- Born: 1971 (age 54–55) Lagos, Nigeria
- Education: University of Bamberg
- Occupation: Hispanist

= Purity Ada Uchechukwu =

Nigerian hispanist

Purity Ada Uchechukwu (born 1971) is a Nigerian Hispanist, an associate professor of Spanish at the Department of Modern European Languages, Nnamdi Azikiwe University, Awka. Her linguistic research focuses on the Afro-Hispanic people, Spanish as a second language and its role in Africa and the United States. Uchechukwu is one of the motivating forces behind Hispanist scholarship in English-speaking sub-Saharan Africa.

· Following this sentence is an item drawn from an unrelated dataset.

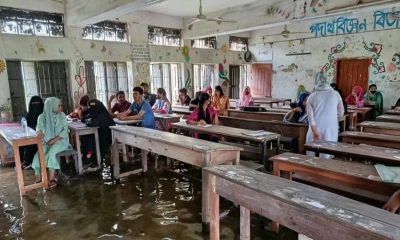 কুমিল্লা ভিক্টোরিয়া সরকারি কলেজে হাঁটু পানিতে বসিয়ে নেওয়া হচ্ছে ভর্তি পরিক্ষা। ছবি-সংগৃহীত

== Early life and education ==
Purity Ada Uchechukwu was born in Lagos, Nigera, in 1971. After graduating with a master's degree in Spanish from the University of Bamberg, she obtained a doctorate from the university in 2010, focusing on philology of Romance languages and writing her thesis on "A Corpus-Based Analysis of Igbo and Spanish Copula Verbs."

== Career ==
Uchechukwu returned to Nigeria to work as a Spanish professor at Nnamdi Azikiwe University, in its Department of Modern European Languages. She is the editor of the university's peer-reviewed Journal of Modern European Language and Literatures.

Her research focuses on teaching Spanish as a second language and on Spanish in the United States. In 2014, she contributed to the Instituto Cervantes' book La enseñanza del español en África Subsahariana ("The Teaching of Spanish in Sub-Saharan Africa"), writing on the status of the Spanish language in Nigeria. She is a member of the American Association of Teachers of Spanish and Portuguese and serves on the board of Open Journals Nigeria. Her role as a Hispanist researcher in an English-speaking sub-Saharan African country distinguishes her, as she explores in her 2017 paper "Spanish in Sub-Saharan Africa: Whither Nigeria?"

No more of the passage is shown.